DATA PROVIDED
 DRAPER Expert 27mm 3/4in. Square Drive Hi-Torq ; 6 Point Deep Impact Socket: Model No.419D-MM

...

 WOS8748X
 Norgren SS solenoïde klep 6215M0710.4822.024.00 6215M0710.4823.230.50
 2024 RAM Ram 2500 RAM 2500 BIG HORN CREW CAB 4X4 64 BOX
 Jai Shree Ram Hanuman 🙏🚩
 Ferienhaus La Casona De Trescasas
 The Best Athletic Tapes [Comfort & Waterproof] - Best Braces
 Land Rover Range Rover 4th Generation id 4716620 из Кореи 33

...

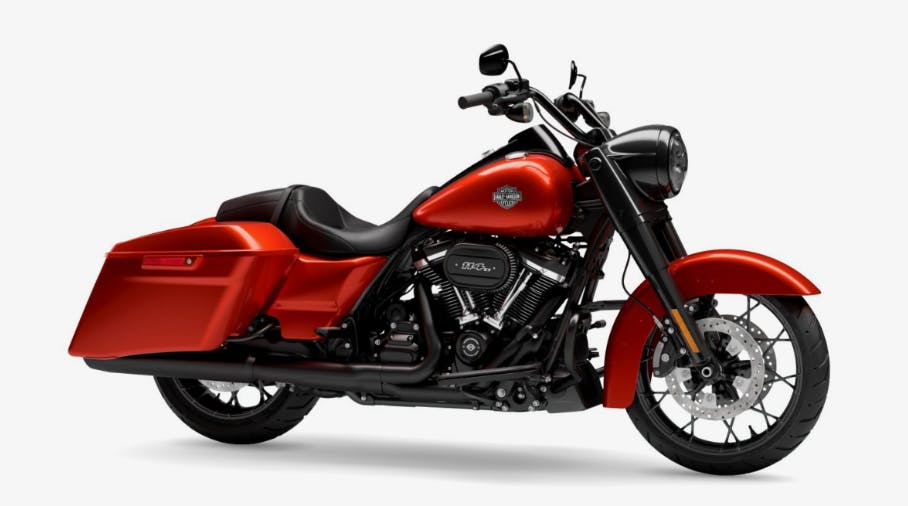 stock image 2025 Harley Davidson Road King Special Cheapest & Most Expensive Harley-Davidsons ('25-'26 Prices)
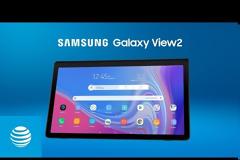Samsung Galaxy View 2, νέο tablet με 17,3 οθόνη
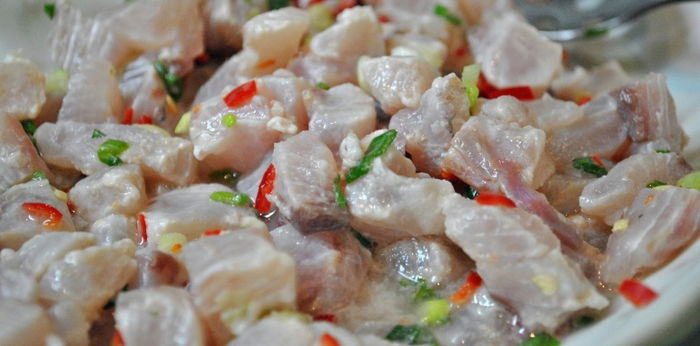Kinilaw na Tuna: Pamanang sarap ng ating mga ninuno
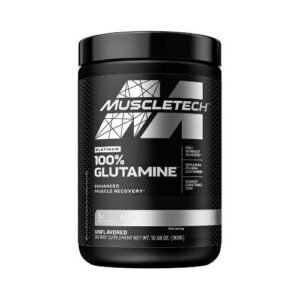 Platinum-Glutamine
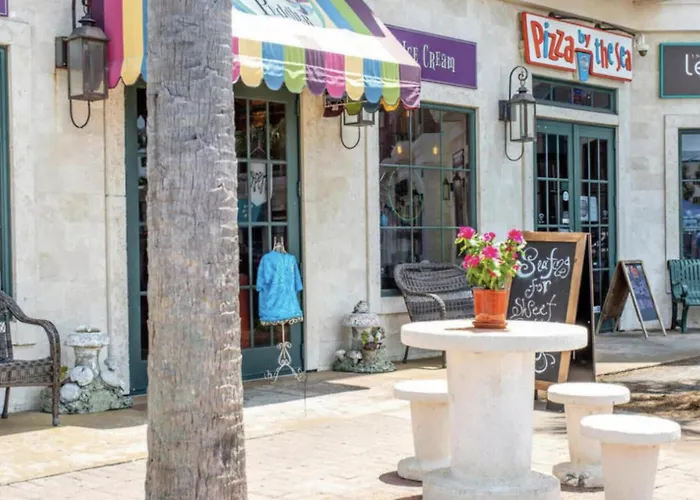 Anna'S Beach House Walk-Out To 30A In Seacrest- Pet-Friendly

WHAT TO DO
Among the entries above, locate the line with "Samsung Galaxy View" and the line with "Anna'S Beach House". Give those two lines and all lines between them again, exactly, leaving out the pictures.

OUTPUT FOR THIS EXERCISE
Samsung Galaxy View 2, νέο tablet με 17,3 οθόνη
Kinilaw na Tuna: Pamanang sarap ng ating mga ninuno
 Platinum-Glutamine
 Anna'S Beach House Walk-Out To 30A In Seacrest- Pet-Friendly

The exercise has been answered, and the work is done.